Pour l’économiste Philippe Villemus, le phénomène tient essentiellement à l’annulation des effets de la réforme de 2010, qui ouvrait aux mères une validation supplémentaire de trimestres dès le premier enfant (jusqu’à 8 par enfant dans le privé, 4 dans la fonction publique), leur permettant de partir avec une carrière complète à 62 ans.
Dans le magazine Challenges du 11 janvier, Rachel Silva, spécialisée dans les inégalités au travail, estime, comme la CGT, que les femmes seront défavorisées : "En allongeant l’âge de départ, la part des seniors précaires va mécaniquement augmenter puisqu’en France, être senior est mal vu. Les femmes seront le plus touchées." Selon le gouvernement, en 2020, 77 % des hommes de la tranche d’âge 55-59 ans travaillaient, contre 71 % des femmes.
Élisabeth Borne martèle que les femmes continueront à "partir plus tôt que les hommes".
Selon l’étude du gouvernement, les femmes de la génération 1965 partiront en moyenne à 64,7 ans, contre 65 ans pour les hommes.

Moins d’inégalités ?

"L’amélioration du montant des pensions est nettement plus marquée pour les femmes", dit le gouvernement. L’impact sera minime, selon Philippe Villemus, compte tenu du faible avantage de ces dernières : moins de 1 % d’écart avec les hommes ou à peine plus selon les projections.

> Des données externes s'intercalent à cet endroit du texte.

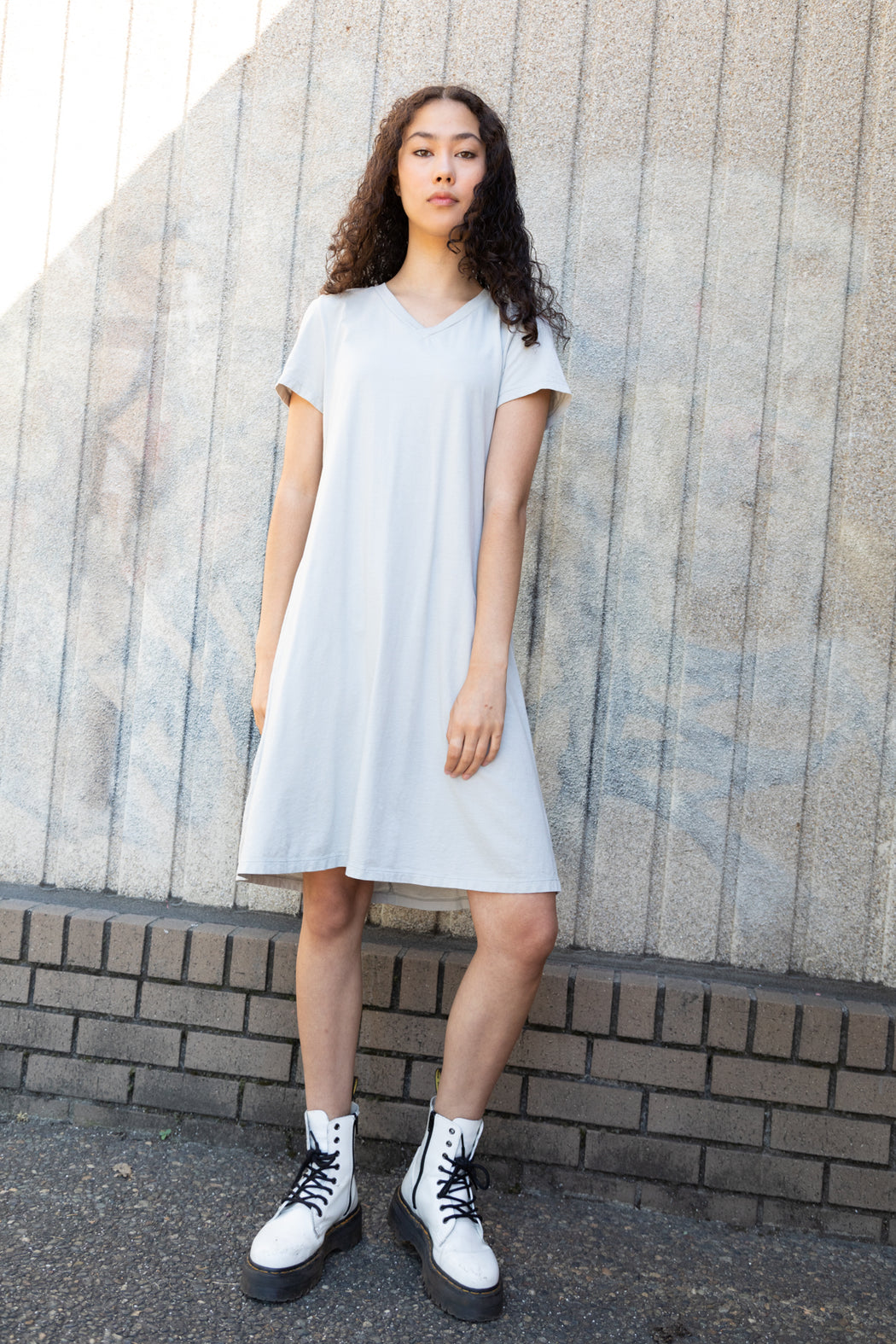 Photo of v-neck organic cotton short sleeve dress.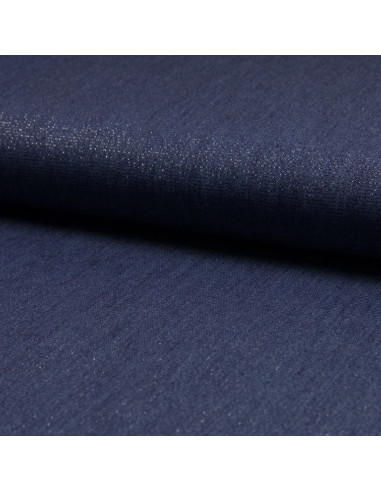 Lurex chambray fabric - Blue
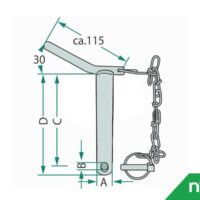 Top bar pin cat. 1 with handle and chain - Image 2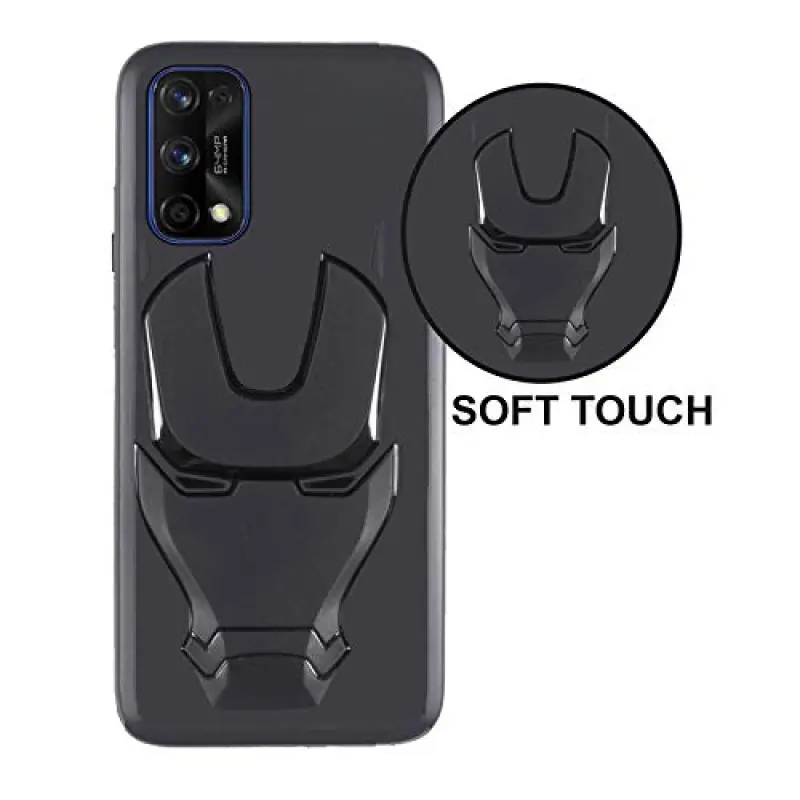 Oppo A55 4G Premium 3D Iron Man Avengers Character Soft Silicone Shockproof Back Cover - Black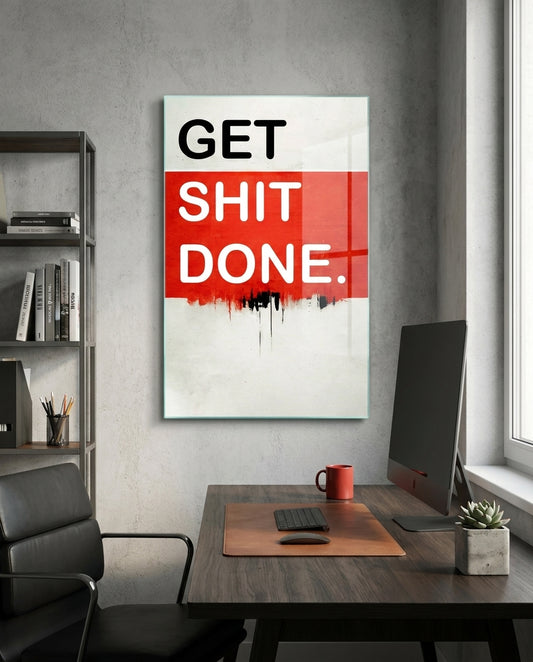 Red Block Bold Motivation Typography Glass Wall Art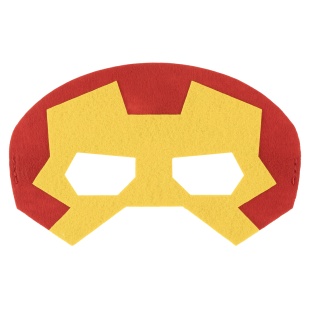 Маска карнавальная, из фетра, Железный человек, Красный/Желтый, 17*11,2 см, 1 шт. 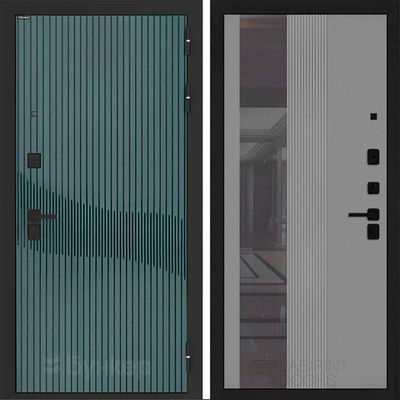 Входная дверь Бункер BN-13 - 32 Зеркало тонировка Серый софт рельеф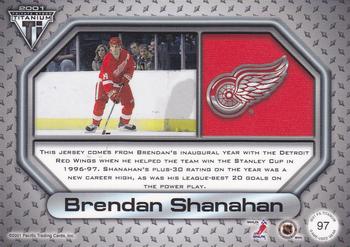 2000-01 Pacific Private Stock Titanium - Game-Used Gear #97 Brendan Shanahan Back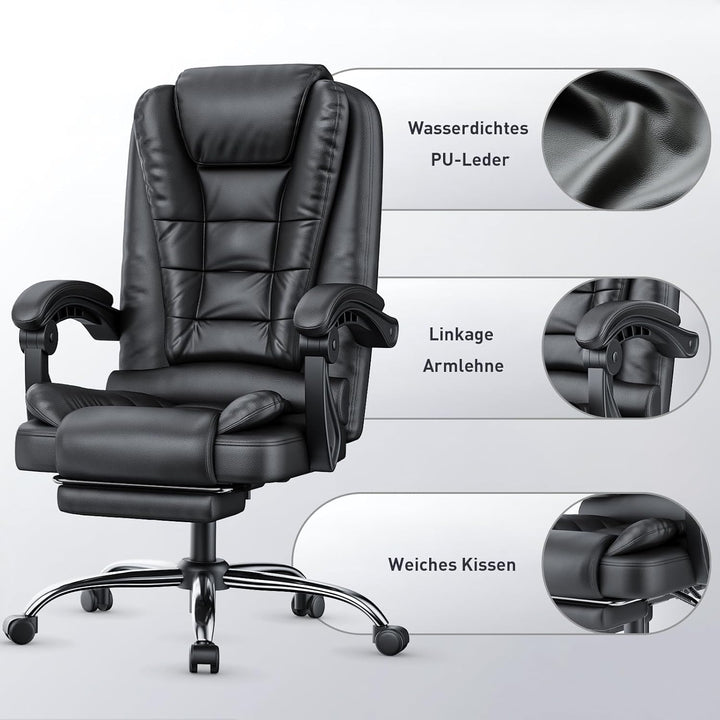 naspaluro Chefsessel Bürostuhl mit Fussstütze, Ergonomischer Schreibtischstuhl mit Hoher Rückenlehne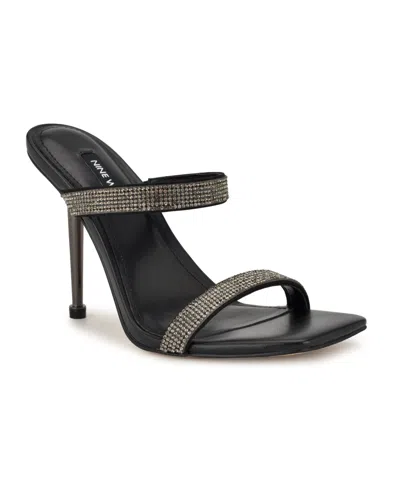 Nine West Women's Yogirl Square Toe Slip-on Dress Sandals In Black Shimmer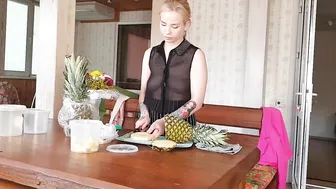 Pineapple cutting in black transparent shirt #3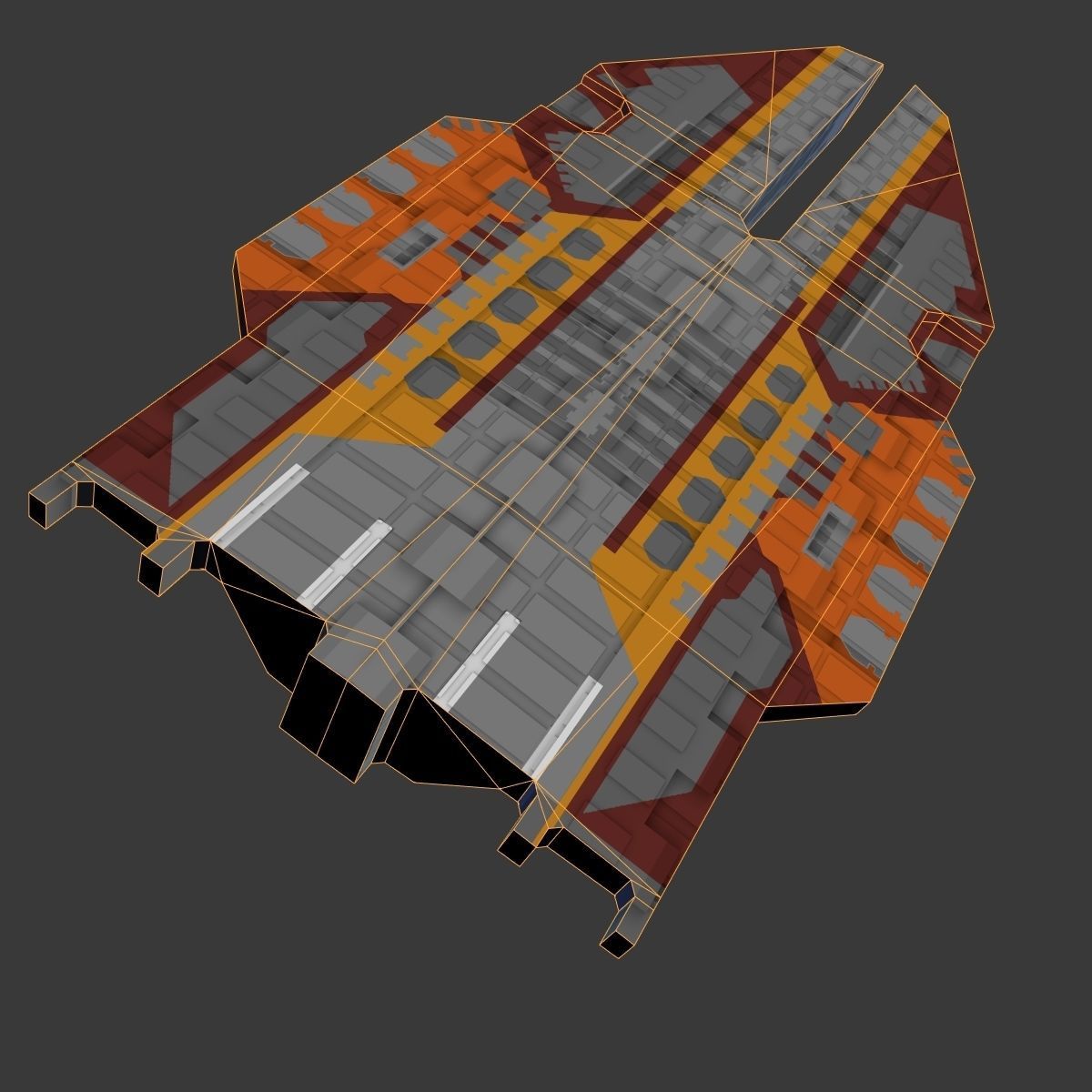 StarFreighter star wars spaceship Low-poly 3D model_8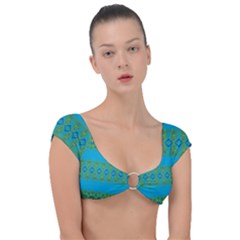 Boho Blue Green Pattern Cap Sleeve Ring Bikini Top by SpinnyChairDesigns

Sachant que les femmes restent, aujourd’hui encore, les plus impactées par la naissance d’un enfant. Selon l’Insee (2019), les mères qui travaillent perdent 20 % de leur salaire dans les cinq ans qui suivent une naissance, les pères ne sont pas concernés.
Leur avantage repose, et les réformes n’y sont pour rien, sur… leur longévité, un argument repris par le gouvernement. Nées en 1960, elles passent en moyenne 26,5 ans à la retraite, contre 23,2 ans pour les hommes.